**What you need to do**
Two lines below mark the span: the one containing "Lee Hyun Young" and the one containing "Oshkosh denim overalls". Set down both, plus every line between, exactly as they stand, and nothing else.

**Available data**
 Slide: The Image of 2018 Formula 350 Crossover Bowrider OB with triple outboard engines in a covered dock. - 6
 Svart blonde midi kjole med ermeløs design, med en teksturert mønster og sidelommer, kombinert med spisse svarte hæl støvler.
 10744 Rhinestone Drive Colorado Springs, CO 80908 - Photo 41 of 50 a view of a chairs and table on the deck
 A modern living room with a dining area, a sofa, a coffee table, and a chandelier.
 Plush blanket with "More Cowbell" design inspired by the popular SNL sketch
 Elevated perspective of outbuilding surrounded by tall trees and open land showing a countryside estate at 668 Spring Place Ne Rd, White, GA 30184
--
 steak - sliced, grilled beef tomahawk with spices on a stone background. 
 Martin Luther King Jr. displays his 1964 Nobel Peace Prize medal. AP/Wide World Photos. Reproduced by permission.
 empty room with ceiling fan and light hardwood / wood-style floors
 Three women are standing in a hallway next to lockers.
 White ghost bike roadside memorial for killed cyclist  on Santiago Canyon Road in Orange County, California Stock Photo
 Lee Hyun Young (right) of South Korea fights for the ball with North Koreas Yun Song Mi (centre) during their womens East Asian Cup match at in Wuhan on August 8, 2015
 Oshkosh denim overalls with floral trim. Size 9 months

**Solved exercise**
 Lee Hyun Young (right) of South Korea fights for the ball with North Koreas Yun Song Mi (centre) during their womens East Asian Cup match at in Wuhan on August 8, 2015
 Oshkosh denim overalls with floral trim. Size 9 months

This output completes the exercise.